An experienced practitioner and adjunct lecturer at colleges and universities, Charles Barrett is a school psychologist with the heart of a teacher. Informed by rich clinical experiences serving public schools with significant numbers of racially and ethnically minoritized students and families, he offers a variety of professional learning opportunities and workshops to improve the manner in which school-based practitioners serve all children and families. Particularly skilled at meeting individuals where they are and helping them to move forward, his presentations are informative, engaging, and filled with practical strategies to assist individuals and systems improve outcomes for children. Available to facilitate professional learning sessions and workshops on a variety of topics for PK-12 educators, undergraduate and graduate students, and state and national conferences, the descriptions below are a sample of his areas of research and practice. To discuss additional presentation themes and topics to meet your organization's needs, and for more information about availability and scheduling, please click here. I am looking forward to hearing from you and supporting the continued development of your staff, colleagues, and students.

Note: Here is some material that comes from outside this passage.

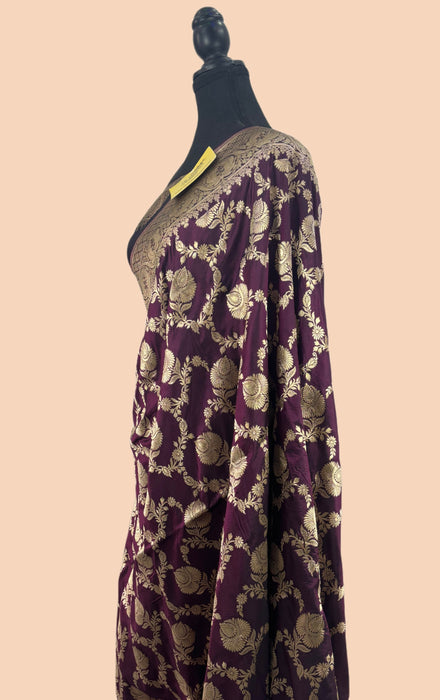 Wine Pure Katan Banarasi Handloom Saree - Sona Jaal Work
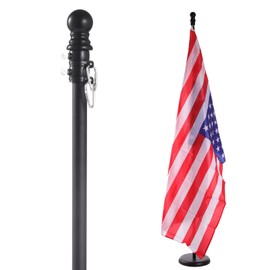 Hooomyai Indoor Flagpole Kit, Black Ball Topper Sectional Flag Pole with Base Stand, Premium Aluminum Pole Heavy Duty Flag Pole with US Flag for Schools, Office, Hall (8FT-1 Pack)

It's Always About the Children: Educators Bringing Their Whole Selves to the Profession
Charles Barrett often says, "teachers are special people who take care of other people's children as if they were their own." Given the myriad challenges facing all educators--principals, central office administrators, school counselors, school social workers, school psychologists--more than ever before, everyone needs encouragement. Using personal experiences as a child with a stutter, and anecdotes that inform his teaching and clinical practice, Charles will inspire and motivate attendees to view their respective roles serving children through the lens of purpose, which leads to passion, and ultimately unlocks the potential of young people.
Best Practices for Social Justice in Schools
Having been recently adopted as a strategic goal of the National Association of School Psychologists (NASP), this session will discuss the significance of social justice to all aspects of school psychology and education, including research, practice (prevention and intervention), teaching, advocacy, and policy. Practical suggestions for embedding a social justice paradigm into school-based services for students, families, schools, and communities will be provided and resources to support professional learning about social justice will be highlighted.
Foundational Knowledge for Achieving Equitable Outcomes
During this interactive session, participants will discuss how privilege, implicit bias, intersectionality, and inclusion (inclusive practices) are related to social justice in schools and school systems. Specific attention will be given to disparities in achievement (e.g., disability and gifted identification) and discipline (i.e., suspension and expulsion) as a function of inequitable access, opportunity, and other factors (e.g., ineffective practice and policy). A framework for embedding socially just practices and principles into school-based service delivery will be offered to help educators achieve equitable outcomes for all students and families.
School Psychologists and the Myth of a Post-Racial American Society: Implications for Practice, Policy, Justice, and Equity
The United States continues to become an increasingly less homogenous society. As a consequence of these demographic trends, the students, families, schools, and communities that school psychologists and other educators serve are becoming more heterogenous, which presents extraordinary learning opportunities for developing more informed and effective clinical practices. Although uncomfortable and unsettling for some, it is imperative that educators develop an appreciation for their students' and families' unique histories through the lens of race. In fact, the recent addition of social justice as one of the National Association of School Psychologists' (NASP) strategic goals underscores the importance of school psychologists infusing principles of equity into all aspects of service delivery. Further, and consistent with Bronfenbrenner's ecological perspective (Bronfenbrenner, 1969), educators must recognize the injustices that racially and ethnically minoritized groups have been subjected to, and in some ways continue to experience, within various settings (e.g., school, community, and country). Implications for socially just practice and policy to promote equitable outcomes will be discussed.